Josh Rivas of the Giants.

Josh Rivas of the Giants. Credit: AP

When the Giants waived Josh Rivas on Sunday, they told him to stay ready because no one really knows what can happen in the NFL. It’s a pretty standard message teams deliver when making cuts, the pro football equivalent of “it’s not you, it’s me.”

“I was like ‘OK, whatever,” Rivas said of the experience of being cut for the first time in his life which had left him in a shocked state of disbelief to begin with. “I assumed they meant it was for a different team or something.”

So when his agent called on Thursday to tell Rivas he was going back to New York, the rookie offensive lineman made a logical assumption.

“The Jets?” he asked.


Rivas — pronounced Ree-vis, as in the former All-Pro cornerback, but with a different spelling — was re-signed by the Giants on Friday morning, back practicing with the team on Friday afternoon, and almost certainly will see a large number of snaps in Sunday’s preseason game against the Bengals. With the offensive line devastated by injuries, the Giants needed to add healthy bodies to get them through this stretch of the preseason, and Rivas’ knowledge of the playbook put him at the top of that list.

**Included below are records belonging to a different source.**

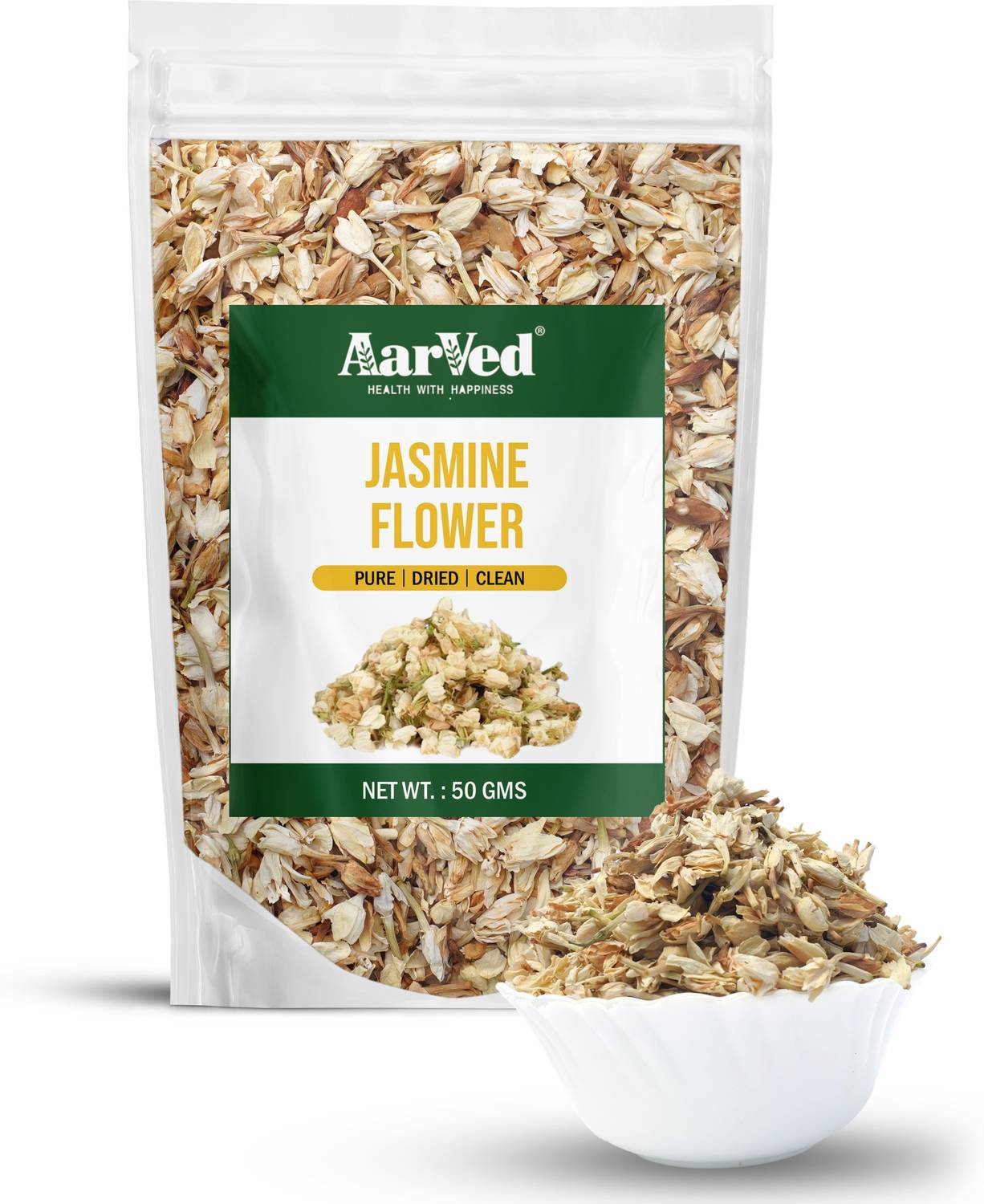 AarVed Natural Edible Dried Jasmine Flower for Decoration & Tea | Caffeine Free Jasmine Jasmine Tea Pouch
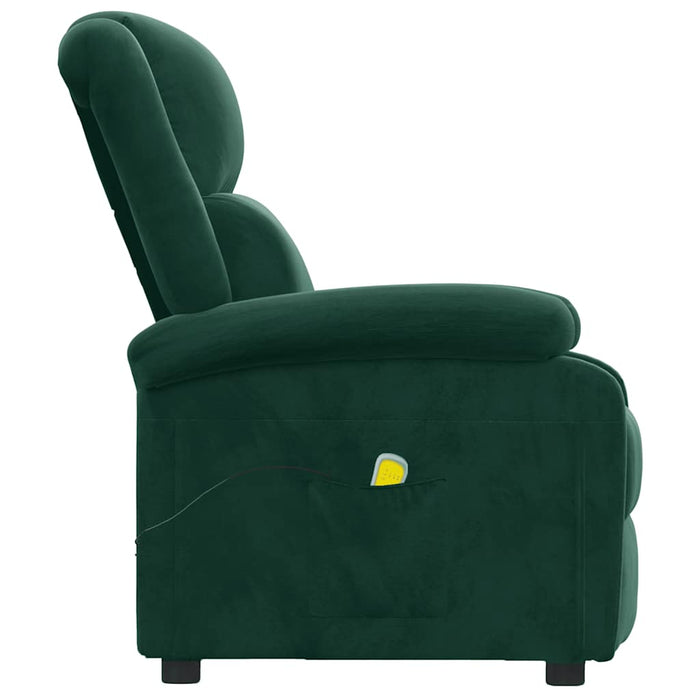 Fotoliu de masaj, verde închis, catifea WALTI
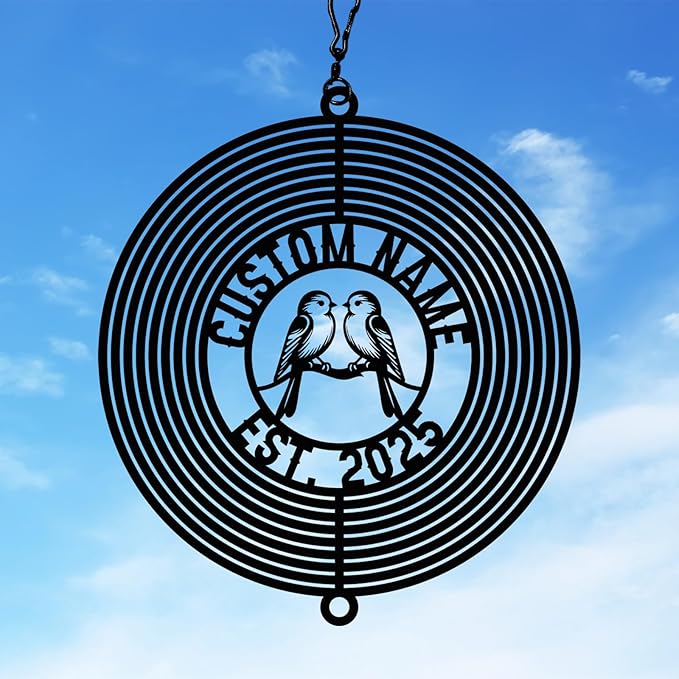 Personalized Metal Wind Spinners, Custom Last Name Garden Wind Spinners, Hanging Outdoor Decor, Hanging Wind Spinner for Indoor Yard Lawn Patio Porch, Garden Decor Gift for Women Men Color01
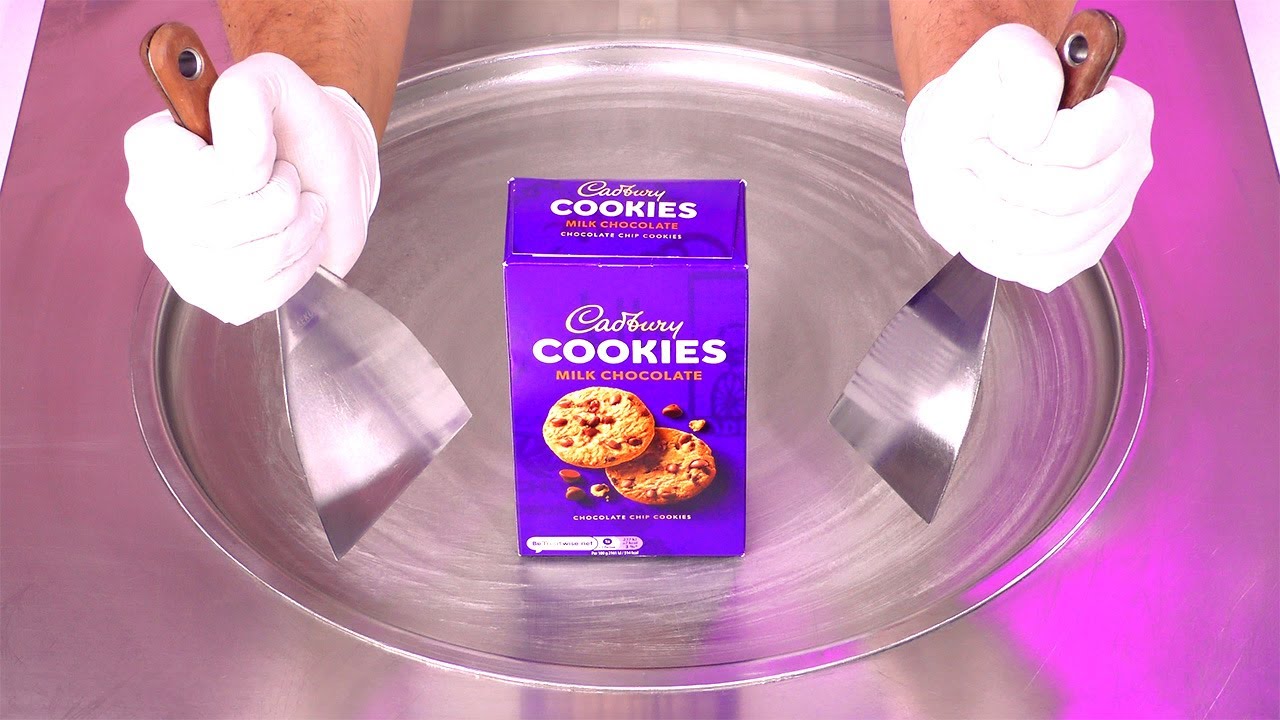 Cadbury Chocolate Chip Cookies Ice Cream Rolls - how to make Chocolate Cookies to Ice Cream | ASMR
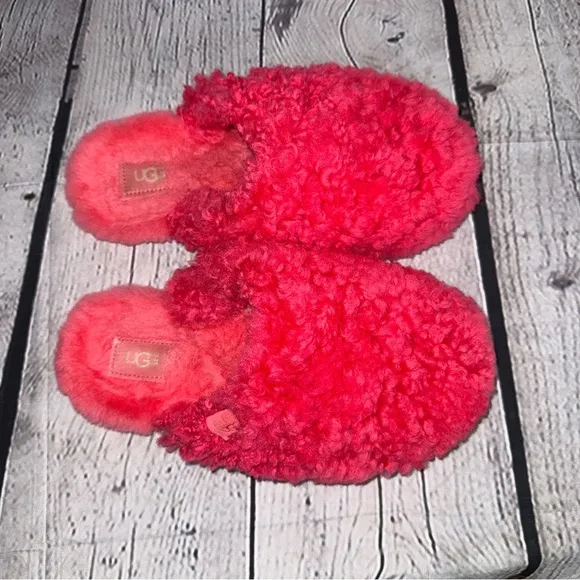 UGG Women's Pink Glow Maxi Curly Slide Slipper Sz 7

To paraphrase Wellington Mara: Once a Giant, twice a Giant, and all in the same week.

The Giants also signed rookie lineman Chris Owens, who was recently waived by the Steelers. Owens was part of a workout for potential players on Friday morning at 7 a.m. and practiced with the team a few hours later.

Unlike Owens, who will have to learn the playbook in a day or so if he is to play on Sunday, Rivas has been learning it since the spring, when he signed as an undrafted rookie out of Kansas.

Rivas’ journey back to the Giants is one of planes, trains and automobiles, a nearly 4,000-mile trek that brought him right back to where he started.

It began with a flight from Newark to Denver on Sunday after he was waived, only to have his connecting flight from Denver to his home in Wichita cancelled. He had to scramble to figure out a way to get from Colorado to Kansas and he wound up hitching a ride with the father of his girlfriend, who lives in eastern Colorado. The two of them embarked on a six-hour car ride through the night from Denver to Manhattan, Kansas, where Rivas had played in college and where his girlfriend was moving back for the start of her school year. He helped schlep some boxes and furniture around, aided in the unpacking process, then made his way to his home in Hutchinson, Kansas, about an hour away from Wichita.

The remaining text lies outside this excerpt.